# Florida State University Tour Notes



## Layne Inselman (Oct 14, 2014)

Hello all! This is my first post, but I wanted to share with you my tour of Florida State! I'm applying to their MFA in Film Production for Fall 2015. 
This tour was last weekend actually, (Oct. 10). First of all, Tallahassee is gorgeous. It looks so much like an old southern town you'd see in a Civil War period piece that I can't even put it in words. The trees, the moss, the buildings... All lovely. 
It was also HOT. Now, I'm from Oklahoma so I'm no stranger to 100 degree heat, but this was something else. It was 90 degrees but the humidity was so incredibly suffocating that I could barely stand to be outside. And this was in October, mind you. The locals DID say it was rare for it to be that unbearable in October, though. 

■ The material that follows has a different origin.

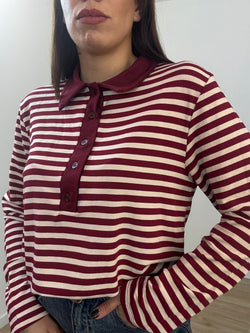 Polo con bottoni riga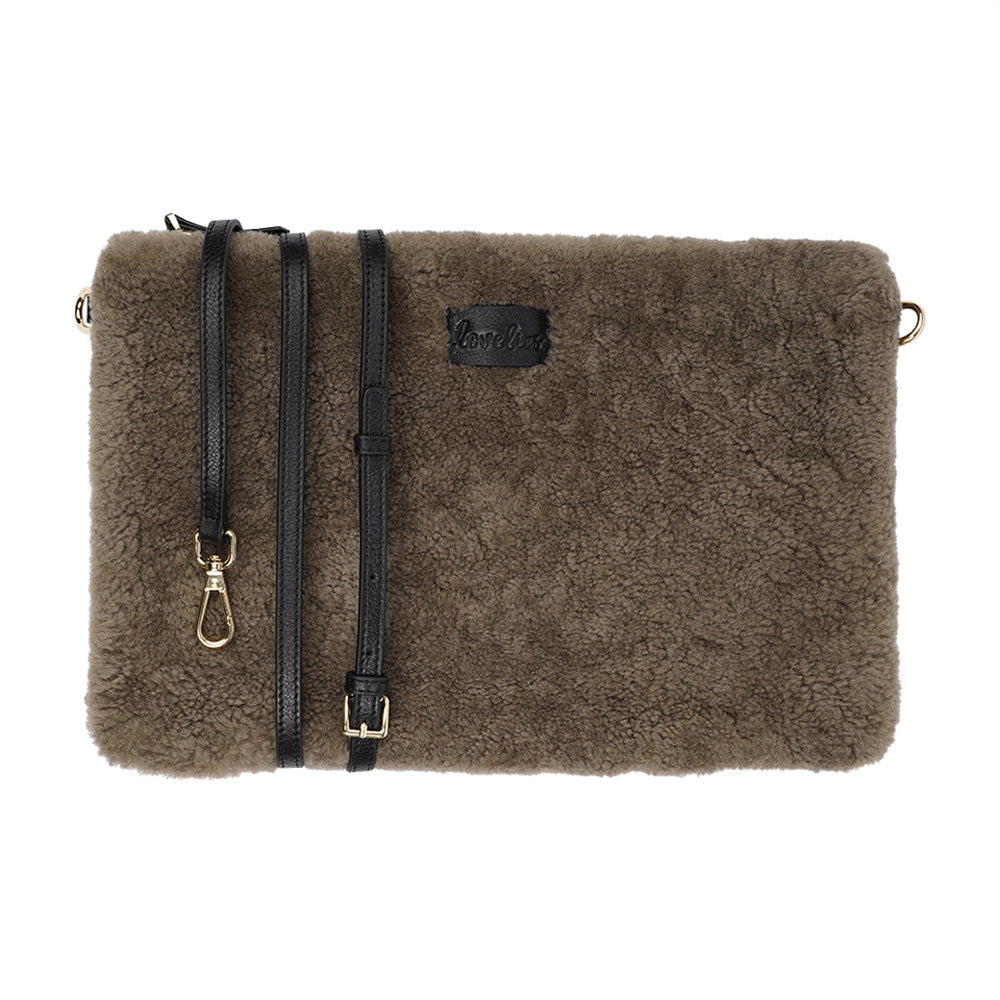 Lovelies Studio Wujii is a large shearling clutch which has room enough for your Ipad and notebooks . Wujii is hand made from the finest curly shearling from Australia.  Top zipped closing   Detachable wrist strap   Satin lining and flat zipped inner pocket   Item comes with a branded dust bag.   Embossed Lovelies logo on the front   Gold-toned hardware   Measurements W34 X D2 X H22 cm   100 % Australian curly shearling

Now, as for the school. It's all housed in one huge building that's adjacent to the football stadium. They have lots of facilities (sound stages, editing rooms, mixing rooms, outdoor lots, computer labs, etc.) and they've just upgraded them all too. I was very impressed by the facilities (though I've never toured anywhere else so I can't say that it's better or worse than another school). I didn't get to see all the equipment that they have, but I know they have a lot. In fact, during our tour we stopped by a sound stage that had first-year MFA students practicing with a RED camera on a dolly. We were told that BFA students start small-scale and work up to using those kinds of cameras/equipment, but MFA students dive right into full-scale production, and the time of each film is what progressively gets bigger/longer. Our guide also told us about the equipment trucks that they have to shoot on location. Each truck houses about $250,000 worth of equipment, and they let the students check out trucks to use for their projects. To me, that was incredible. 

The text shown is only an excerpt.